Naomi King, dubbed "the Queen of the Kings," shared her message as the police leaders and "change agents" in attendance during a luncheon at The Craftsman by Two Brothers talked about strategies to continue the civil rights work her activist brother-in-law started.
"It appears today, now, that we are all in the same boat," said Regina Brent of Aurora, president and founder of Unity Partnership. "We want to find peace and harmony."
Progress toward a better understanding of minority communities and more equitable treatment from police will come from working together, leaders representing both sides said.
"We need each other," said Dwayne Betts, deputy chief of the Chicago Police Department, who runs the Office of Community Policing. "We cannot fix this with just police alone."
Unity Partnership doesn't want them to. For the past two years, the group, based in DuPage County, has been working in concert with chiefs to address issues in policing that sometimes make it feel as if black people are the only ones who commit crimes, said Fred Greenwood, Unity Partnership vice president.

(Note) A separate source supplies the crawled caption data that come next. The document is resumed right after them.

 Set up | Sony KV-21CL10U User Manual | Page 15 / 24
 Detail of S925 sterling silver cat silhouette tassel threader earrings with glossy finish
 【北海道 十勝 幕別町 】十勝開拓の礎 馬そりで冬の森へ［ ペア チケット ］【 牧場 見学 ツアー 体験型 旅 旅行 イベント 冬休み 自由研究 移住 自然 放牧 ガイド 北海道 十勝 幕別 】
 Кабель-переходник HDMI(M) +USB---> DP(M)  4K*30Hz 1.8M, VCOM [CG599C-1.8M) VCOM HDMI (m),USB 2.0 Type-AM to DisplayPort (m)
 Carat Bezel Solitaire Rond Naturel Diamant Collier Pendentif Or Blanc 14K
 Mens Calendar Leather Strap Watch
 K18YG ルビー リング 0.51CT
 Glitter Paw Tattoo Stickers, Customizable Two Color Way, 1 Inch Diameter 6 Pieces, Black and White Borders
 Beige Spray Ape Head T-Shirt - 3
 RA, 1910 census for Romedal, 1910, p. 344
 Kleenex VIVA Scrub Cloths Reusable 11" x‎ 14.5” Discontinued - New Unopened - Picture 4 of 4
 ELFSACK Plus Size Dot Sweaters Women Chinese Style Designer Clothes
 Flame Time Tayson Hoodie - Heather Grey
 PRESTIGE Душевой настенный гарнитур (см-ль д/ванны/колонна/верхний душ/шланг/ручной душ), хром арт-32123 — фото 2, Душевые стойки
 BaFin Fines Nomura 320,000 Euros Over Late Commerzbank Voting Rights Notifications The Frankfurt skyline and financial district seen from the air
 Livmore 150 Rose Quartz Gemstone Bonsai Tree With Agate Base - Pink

The group took shape after Brent and Lisle police Chief David Anderson connected during a funeral service in Lisle for Sandra Bland, the Villa Park native and one-time Naperville resident who was found dead in a Texas jail cell in July 2015.
"When I went to get my folks, he went to get his folks," Brent said, and a partnership formed involving African-American leaders and police chiefs from towns such as Darien, Naperville, Oak Brook and Woodridge.
"What's becoming more apparent, the more we work together, is we all want the same thing," said Oak Brook Chief James Krueger: Safe communities in which to pursue the American dream.
Tuesday's gathering was co-hosted by the Illinois Association of Chiefs of Police, of which Krueger is president. The association's executive director, Ed Wojcicki, said he and the chiefs he represents are committed to "being a part of the solution to whatever racial divide we have in this country."
To show that commitment, Brent encouraged those in attendance to find new ways to work together, especially to help youths. Growing up in Chicago with relatives who worked as police officers, Brent said she trusted cops and saw them as "Officer Friendly," a benevolent force there to protect and preserve a safe way of life.
"Unity Partnership's goal and passion and intention," she said, "is to try to adopt that same theory across the lay of this land."